Derivation: Each subset maps to one binary vector of dimension n. The number of vectors equals the number of subsets. Total construction size is O((k + l) * n), which is linear in the input size of the COMPARATIVE CONTAINMENT instance.

Validation Method

• Closed-loop test: construct a COMPARATIVE CONTAINMENT instance with equal weights, reduce to COMPARATIVE VECTOR INEQUALITIES, solve target with BruteForce (enumerate all z̄ ∈ {0,1}^m), extract solution, verify on source.
• Verify that the characteristic vector encoding preserves containment: for each R_i and candidate Y, check Y ⊆ R_i ⟺ χ(R_i) ≥ χ(Y).
• Test with small instances (3-4 elements, 2-3 sets) where the answer is known.
• Test both YES and NO instances to verify equivalence in both directions.

Example

Source instance (COMPARATIVE CONTAINMENT with equal weights):

Universe X = {a, b, c, d} (n = 4, indices 0..3)

R = { R_1 = {a, b, c}, R_2 = {a, b}, R_3 = {b, c, d} } (k = 3, all weights = 1)
S = { S_1 = {a, b, c, d}, S_2 = {b, c}, S_3 = {c, d} } (l = 3, all weights = 1)

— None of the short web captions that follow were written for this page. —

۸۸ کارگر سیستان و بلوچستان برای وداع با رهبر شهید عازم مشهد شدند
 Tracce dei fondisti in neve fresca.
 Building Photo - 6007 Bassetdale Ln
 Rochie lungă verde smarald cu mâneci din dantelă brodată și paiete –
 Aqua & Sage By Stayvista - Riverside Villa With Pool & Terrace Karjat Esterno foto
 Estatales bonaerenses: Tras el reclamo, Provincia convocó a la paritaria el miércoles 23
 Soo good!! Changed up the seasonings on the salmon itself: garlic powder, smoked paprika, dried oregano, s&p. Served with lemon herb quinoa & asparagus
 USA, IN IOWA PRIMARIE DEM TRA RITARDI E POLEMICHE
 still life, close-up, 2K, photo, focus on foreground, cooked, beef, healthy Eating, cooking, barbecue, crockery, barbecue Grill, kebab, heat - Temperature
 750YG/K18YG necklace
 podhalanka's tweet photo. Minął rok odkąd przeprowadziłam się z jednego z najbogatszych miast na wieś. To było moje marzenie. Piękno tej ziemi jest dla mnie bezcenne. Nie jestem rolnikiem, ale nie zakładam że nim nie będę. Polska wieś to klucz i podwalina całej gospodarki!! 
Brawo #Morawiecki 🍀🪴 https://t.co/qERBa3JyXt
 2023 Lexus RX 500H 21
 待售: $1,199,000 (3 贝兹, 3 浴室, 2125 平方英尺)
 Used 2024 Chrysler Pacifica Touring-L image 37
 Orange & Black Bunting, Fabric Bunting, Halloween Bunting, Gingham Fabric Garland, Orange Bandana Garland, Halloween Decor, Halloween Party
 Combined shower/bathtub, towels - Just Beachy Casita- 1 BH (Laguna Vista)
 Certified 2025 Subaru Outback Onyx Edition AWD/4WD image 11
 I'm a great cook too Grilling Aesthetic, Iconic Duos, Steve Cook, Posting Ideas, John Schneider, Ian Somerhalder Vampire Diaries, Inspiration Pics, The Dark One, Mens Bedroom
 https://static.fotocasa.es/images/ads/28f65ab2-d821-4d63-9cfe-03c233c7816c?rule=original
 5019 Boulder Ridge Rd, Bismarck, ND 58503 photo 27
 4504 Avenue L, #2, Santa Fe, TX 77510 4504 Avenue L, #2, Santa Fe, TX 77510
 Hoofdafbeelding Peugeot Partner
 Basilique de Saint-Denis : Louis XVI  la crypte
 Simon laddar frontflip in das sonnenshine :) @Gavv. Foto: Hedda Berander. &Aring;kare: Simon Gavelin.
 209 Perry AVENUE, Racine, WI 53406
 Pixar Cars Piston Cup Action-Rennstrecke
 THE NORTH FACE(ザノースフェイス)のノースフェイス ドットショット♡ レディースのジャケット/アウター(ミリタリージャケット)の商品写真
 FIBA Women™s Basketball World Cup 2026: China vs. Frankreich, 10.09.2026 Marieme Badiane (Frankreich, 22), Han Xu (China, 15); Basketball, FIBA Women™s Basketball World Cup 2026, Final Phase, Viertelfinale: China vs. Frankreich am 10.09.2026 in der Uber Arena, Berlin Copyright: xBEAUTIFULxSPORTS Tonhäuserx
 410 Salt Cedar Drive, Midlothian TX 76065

Question: Is there Y ⊆ X such that |{i : Y ⊆ R_i}| ≥ |{j : Y ⊆ S_j}|?

Constructed COMPARATIVE VECTOR INEQUALITIES instance:

Dimension m = 4

Characteristic vectors (positions: a=0, b=1, c=2, d=3):
X-vectors (from R):

• x̄_1 = χ({a,b,c}) = (1, 1, 1, 0)
• x̄_2 = χ({a,b}) = (1, 1, 0, 0)
• x̄_3 = χ({b,c,d}) = (0, 1, 1, 1)

Y-vectors (from S):

• ȳ_1 = χ({a,b,c,d}) = (1, 1, 1, 1)
• ȳ_2 = χ({b,c}) = (0, 1, 1, 0)
• ȳ_3 = χ({c,d}) = (0, 0, 1, 1)

Solution:

Try z̄ = (0, 1, 0, 0), corresponding to Y = {b}.

Check x̄_i ≥ z̄:

• x̄_1 = (1,1,1,0) ≥ (0,1,0,0)? 1≥0, 1≥1, 1≥0, 0≥0 → YES
• x̄_2 = (1,1,0,0) ≥ (0,1,0,0)? 1≥0, 1≥1, 0≥0, 0≥0 → YES
• x̄_3 = (0,1,1,1) ≥ (0,1,0,0)? 0≥0, 1≥1, 1≥0, 1≥0 → YES
  X-count: 3

Check ȳ_j ≥ z̄:

• ȳ_1 = (1,1,1,1) ≥ (0,1,0,0)? YES
• ȳ_2 = (0,1,1,0) ≥ (0,1,0,0)? YES
• ȳ_3 = (0,0,1,1) ≥ (0,1,0,0)? 0≥0, 0≥1? → NO
  Y-count: 2

Comparison: 3 ≥ 2? YES

Verification on source:
Y = {b}:

• Y ⊆ R_1 = {a,b,c}? YES

• Y ⊆ R_2 = {a,b}? YES

• Y ⊆ R_3 = {b,c,d}? YES
  R-count: 3

• Y ⊆ S_1 = {a,b,c,d}? YES

• Y ⊆ S_2 = {b,c}? YES

• Y ⊆ S_3 = {c,d}? NO
  S-count: 2

3 ≥ 2? YES — consistent with the reduced instance.

References

• [Plaisted, 1976]: [Plaisted1976] D. Plaisted (1976). "Some polynomial and integer divisibility problems are {NP}-hard". In: Proceedings of the 17th Annual Symposium on Foundations of Computer Science, pp. 264–267. IEEE Computer Society.